El Creador comprendió que no era bueno que el hombre estuviera solo y le dio una compañera nacida de su propia carne. Nada les dijo acerca de los buenos y los malos matrimonios, ni siquiera los casó. El pecado –la curiosidad sobre el bien y el mal y la consecuente lujuria, acompañada por el pudor– no separó a Adán y Eva, al contrario, los unió profundamente. El primer hombre que se encontró realmente solo fue Caín, pero su tragedia no era la soledad, sino el crimen, la mentira y la indiferencia: el individuo que dice que él no es el guardián de su hermano elige, en el instante mismo de la cínica pregunta, una soledad que no le importa. Sabe, como sabrán después de él todos los hombres del mundo, que su horrendo delito le ha hecho perder para siempre el derecho a vivir en sociedad, pero qué importa eso a quien ha matado a su hermano, carne de su carne y sangre de su sangre.
Sólo eso se dice en la Escritura: no es bueno que el hombre esté solo. Tampoco es necesaria e implícitamente maligno, aunque pueda ser molesto o inquietante. Pero el hábito de la soledad elegida es logro de sabios, de personas con una gran vida interior, que en absoluto se desentienden de sus semejantes, ni dejan de relacionarse con Dios ni con el mundo, sólo lo hacen desde una posición distinta.

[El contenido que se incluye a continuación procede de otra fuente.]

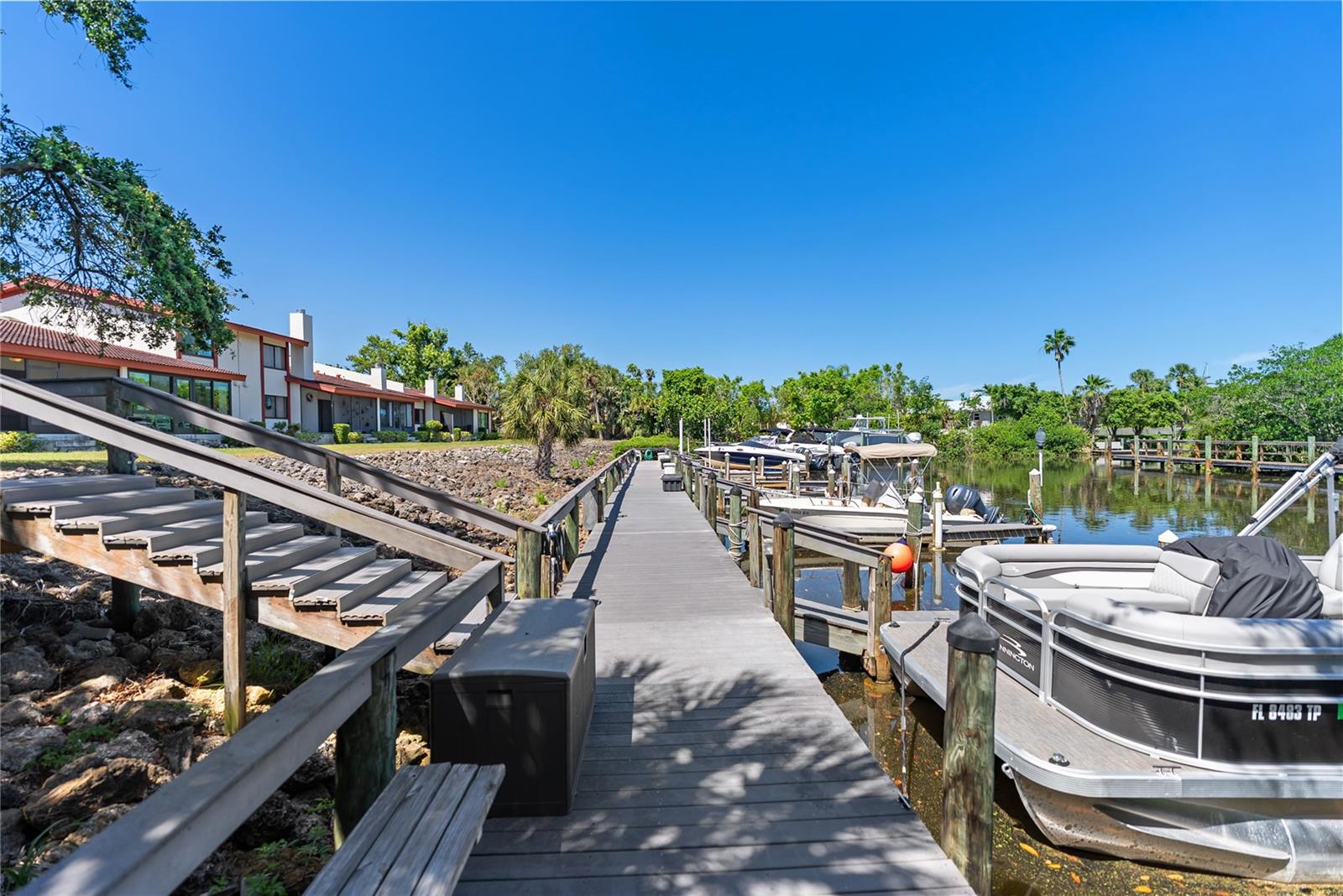 Details for 709 Sorrento Inlet 709, NOKOMIS, FL 34275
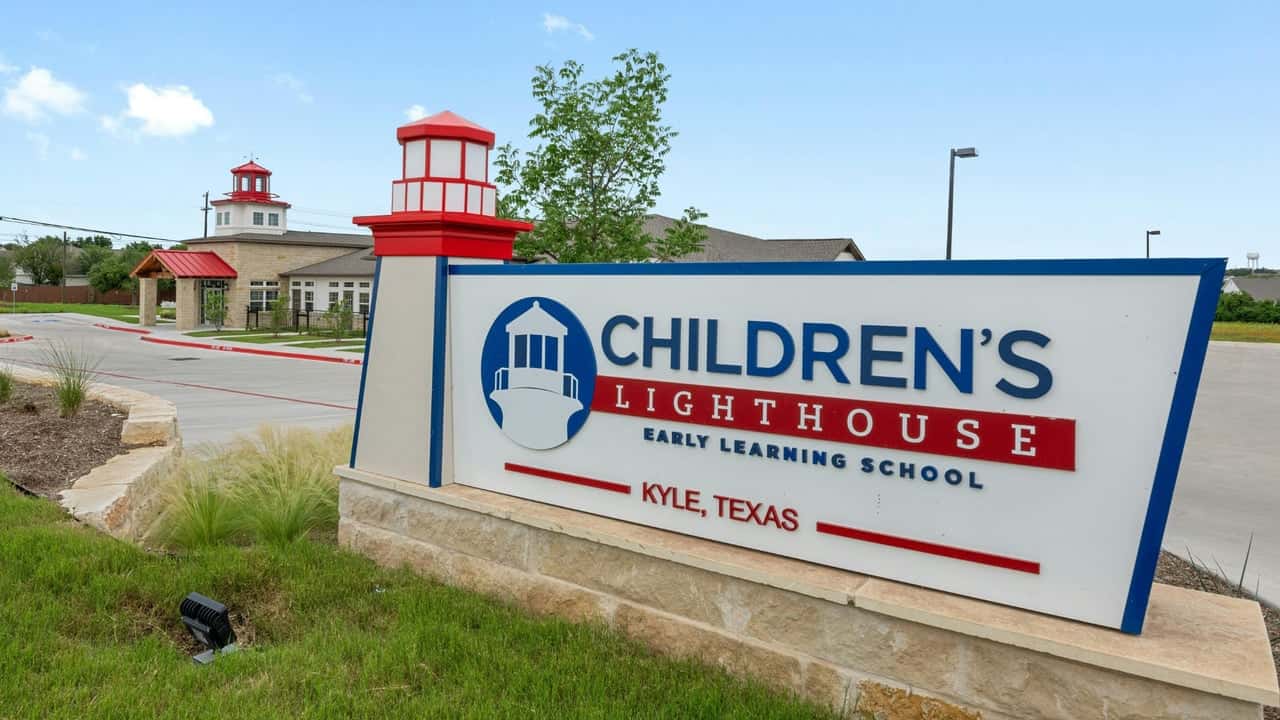 How undefined Evolved and Set New Standards Why 2026 Is the Year to Invest in a Children’s Lighthouse Franchise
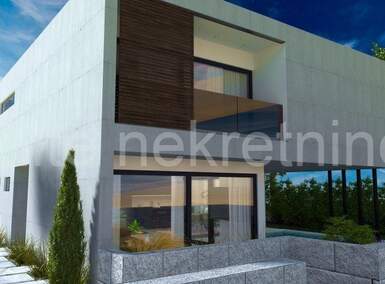 Kuca, Fažana, prodaja, 1000000 €, 164 m2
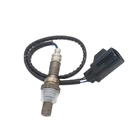 Car Parts 30677175 234-4454 Downstream Lambda Probe Oxygen Sensor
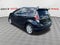 2017 Toyota Prius c Two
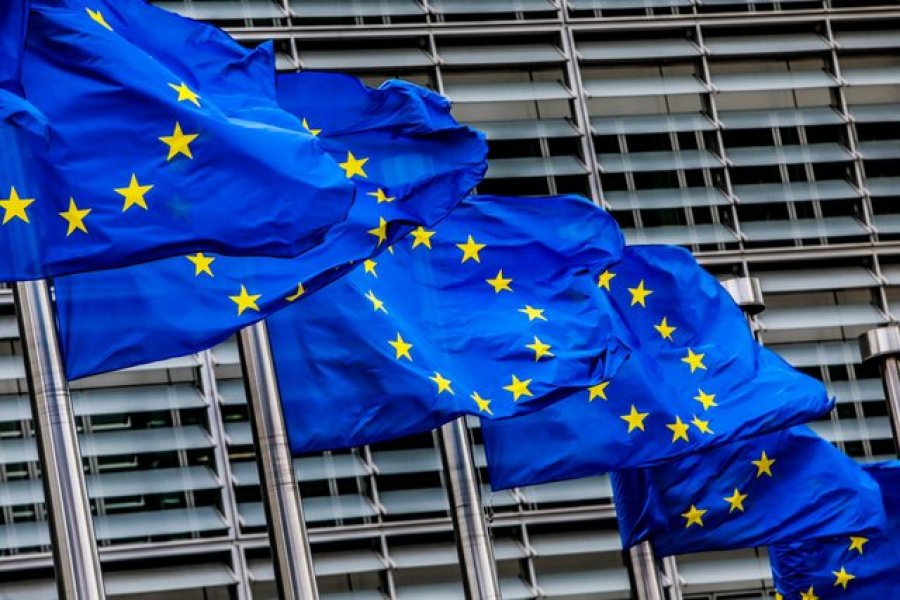 DW: Gjermania e Franca me propozime jozyrtare për reformën e BE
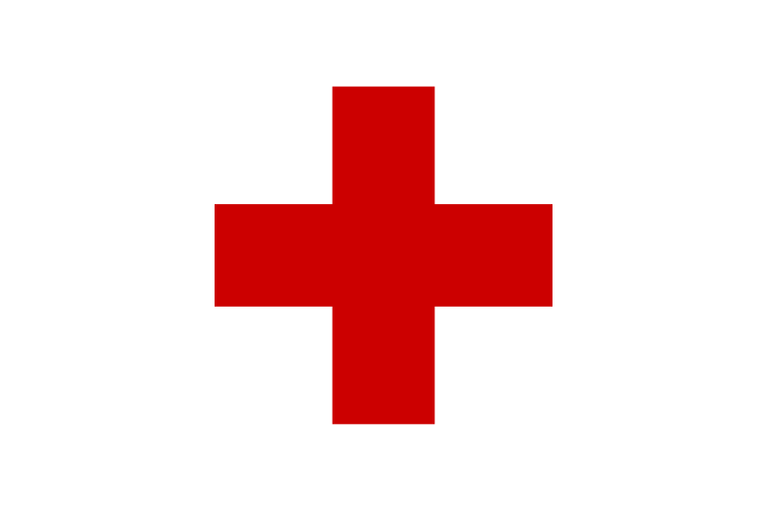 Flag_of_the_Red_Cross.svg.png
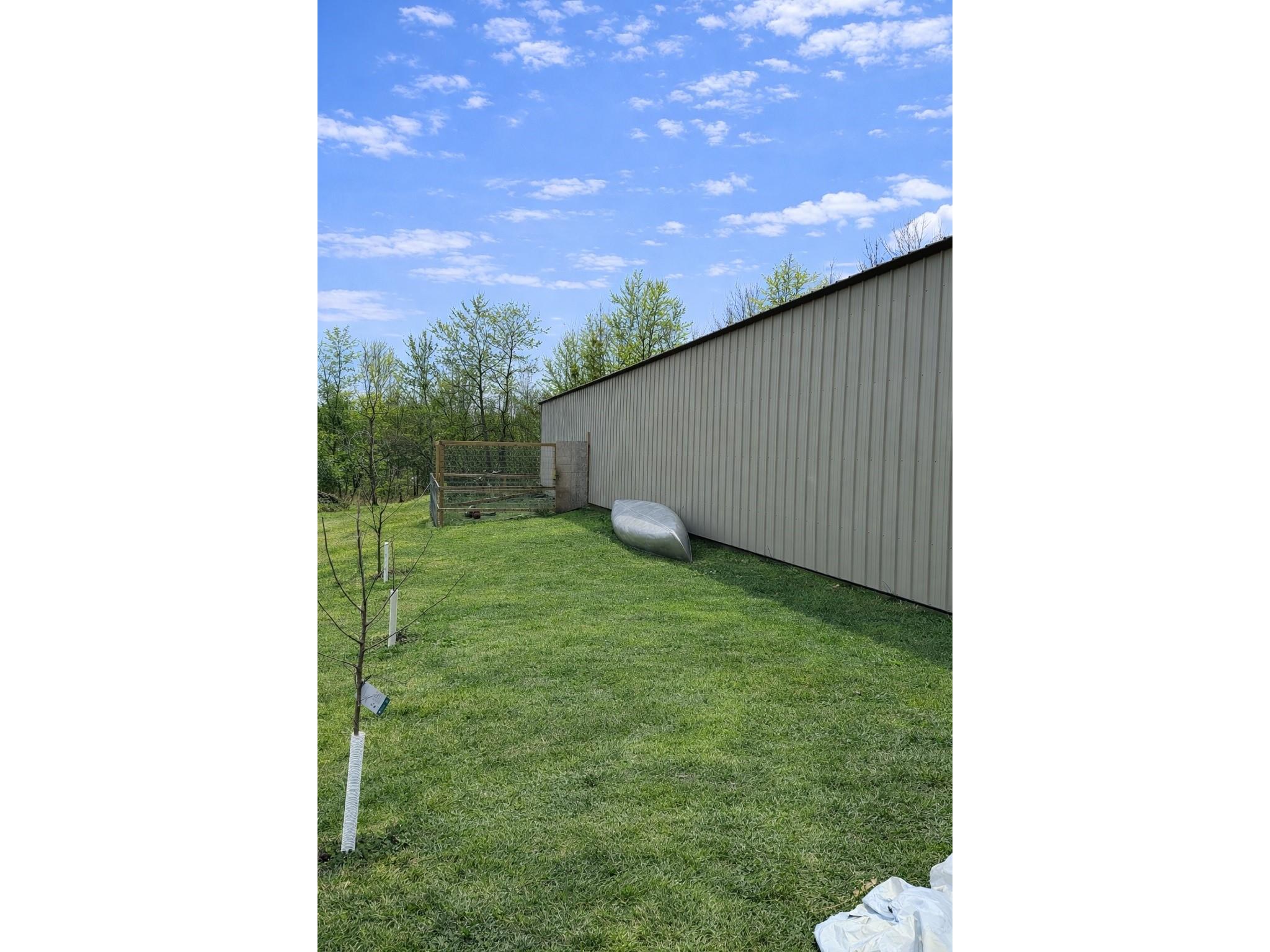 N12003 Fernwall Avenue Stanley WI 54878 1599459 image10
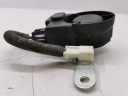 HONDA ACCORD 2009 KLAXON ALARME 37110TC0photo 6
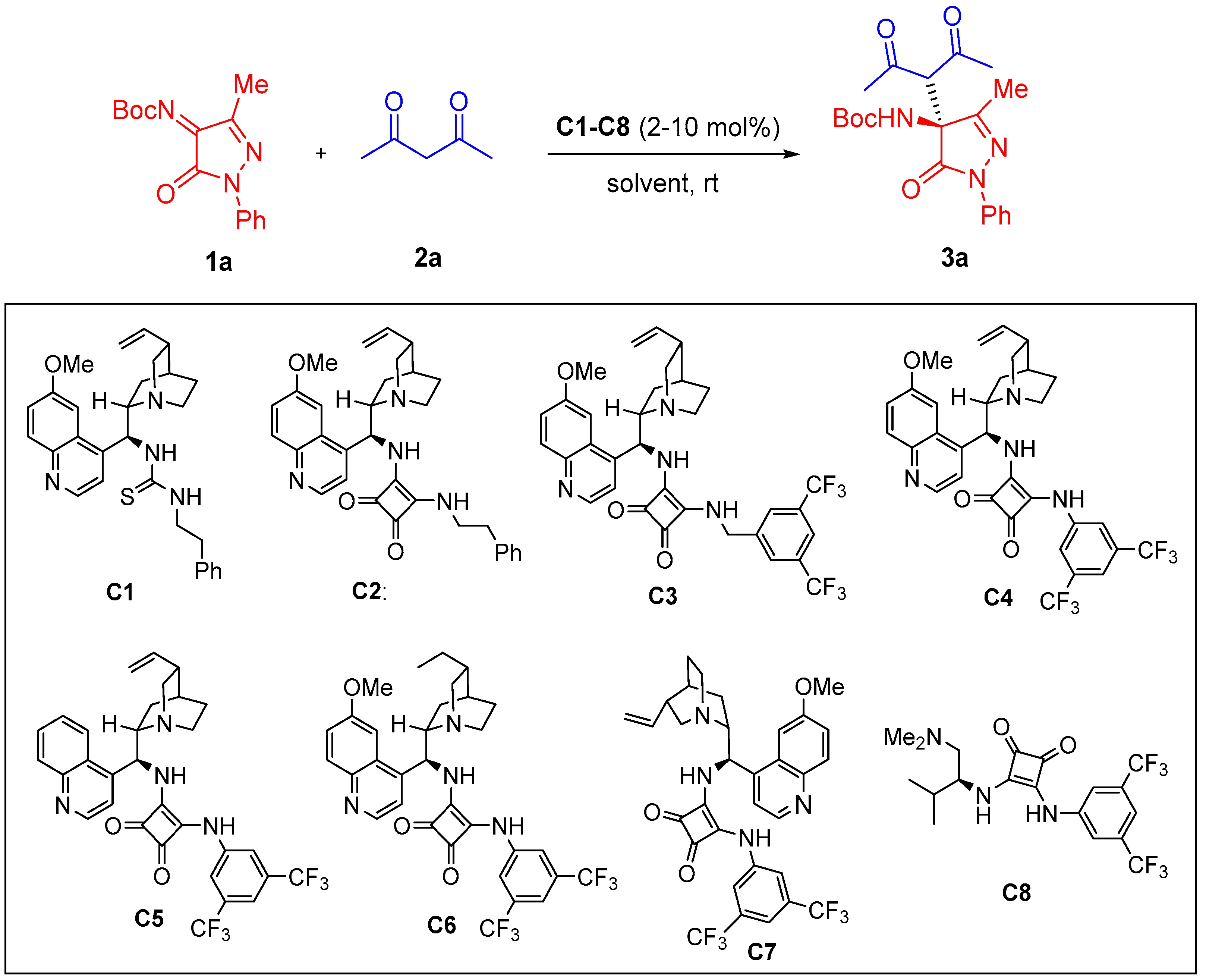 Molecules 27 06983 i001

La soledad únicamente es una tragedia desde el desvalimiento, la inferioridad física o la pérdida de facultades mentales, lo que puede convertir a un hombre en el objeto de otros o llevarlo a un óbito desesperante. Claro que hay más ejemplos de ello de los que debiera, pero también es evidente que la gente resiste más allá de lo concebible en su ligazón con la vida, en soledad o no.